Excerpts from a dataset
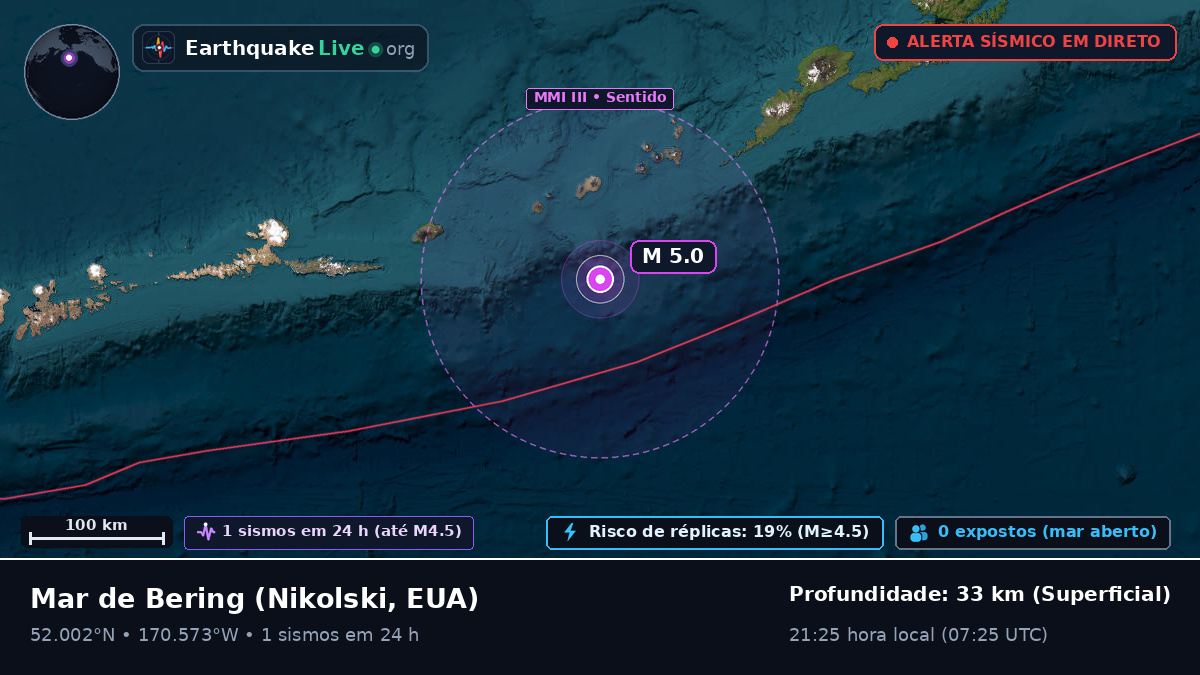 Mar de Bering (EUA)
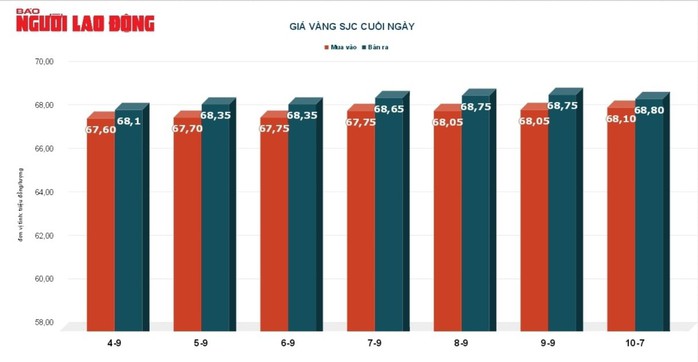 Giá vàng hôm nay 11-9: Vàng SJC vẫn đứng ở mức cao - Ảnh 3.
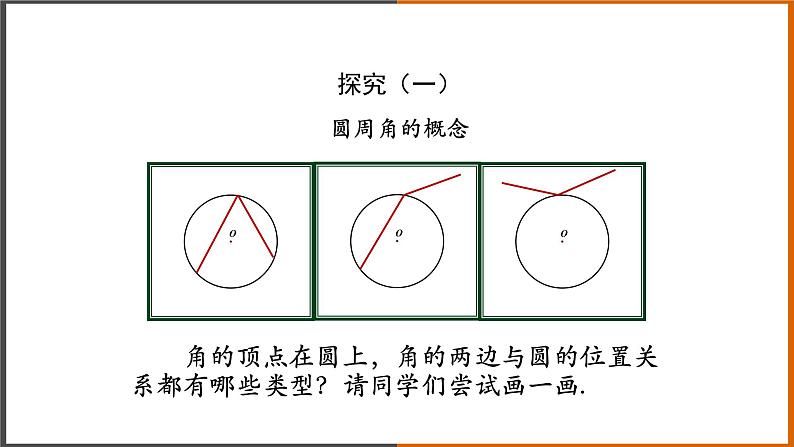 【精选备课】2021秋人教版数学九年级上册 24.1.4 圆周角（第1课时） 课件第5页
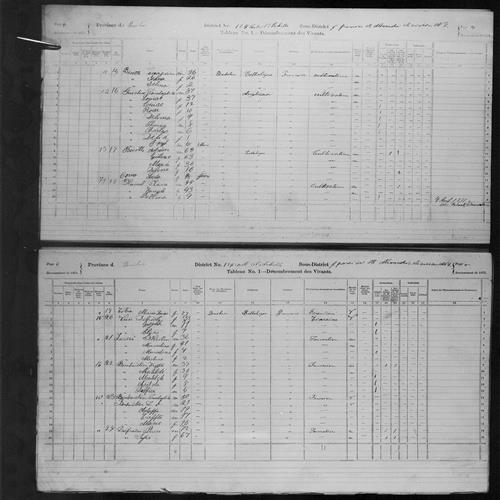 Digitized page of Census of Canada, 1871, Page number 5, for Trefflé Bombardier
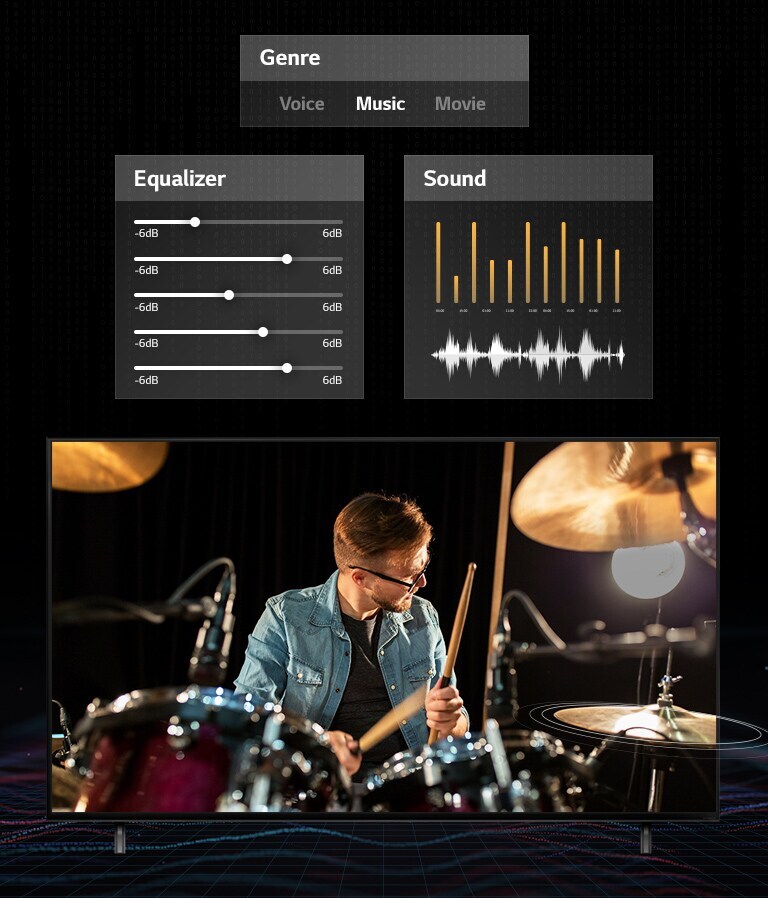 A man in glasses playing drums with music dashboard graphics on both sides.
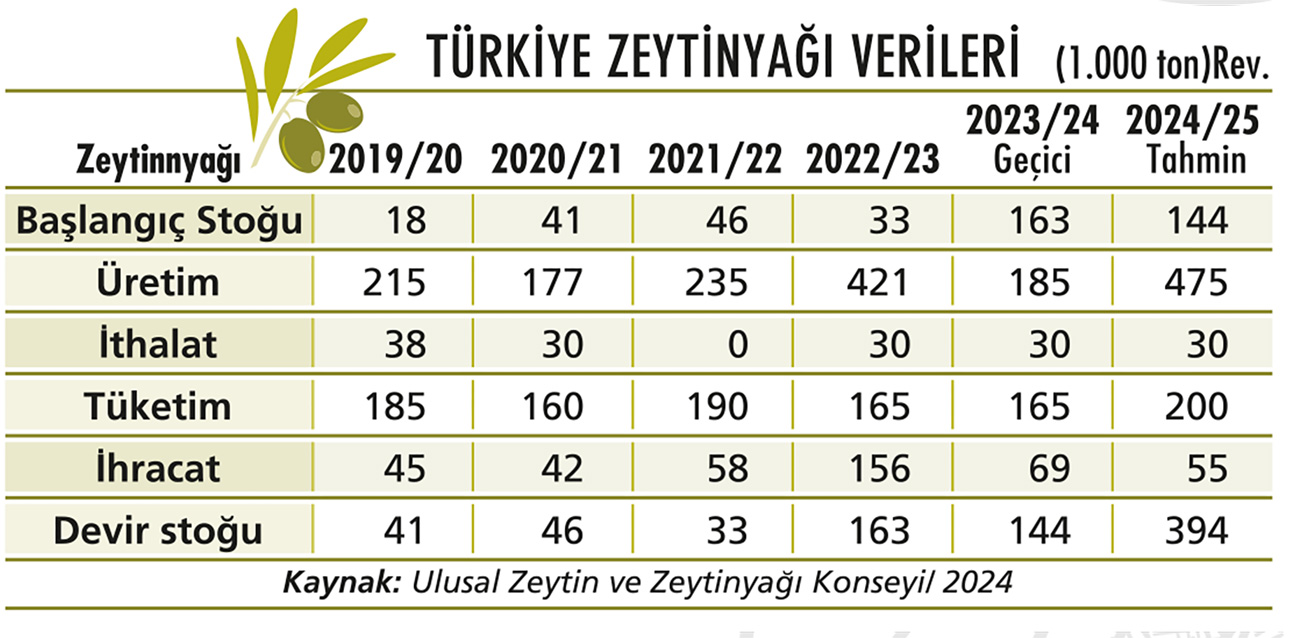 Zeytinlikler için gözler Anayasa Mahkemesi’nde-2
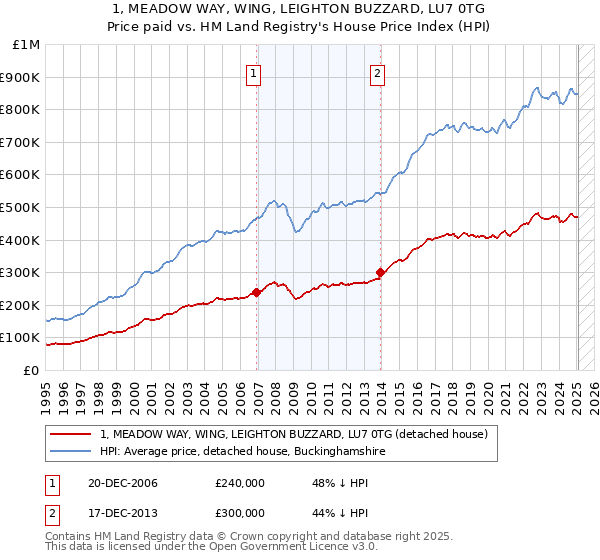1, MEADOW WAY, WING, LEIGHTON BUZZARD, LU7 0TG: Price paid vs HM Land Registry's House Price Index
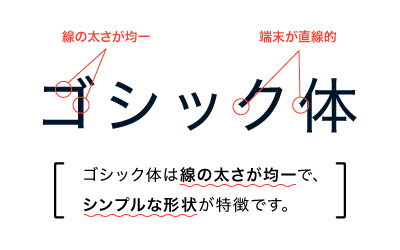 ゴシック体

● **Brief**:
The copy you produce must match the entries above exactly, except that it has no pictures.

● **Expected answer**:
 Mar de Bering (EUA)
 Giá vàng hôm nay 11-9: Vàng SJC vẫn đứng ở mức cao - Ảnh 3.
 【精选备课】2021秋人教版数学九年级上册 24.1.4 圆周角（第1课时） 课件第5页
 Digitized page of Census of Canada, 1871, Page number 5, for Trefflé Bombardier
 A man in glasses playing drums with music dashboard graphics on both sides.
 Zeytinlikler için gözler Anayasa Mahkemesi’nde-2
1, MEADOW WAY, WING, LEIGHTON BUZZARD, LU7 0TG: Price paid vs HM Land Registry's House Price Index
 ゴシック体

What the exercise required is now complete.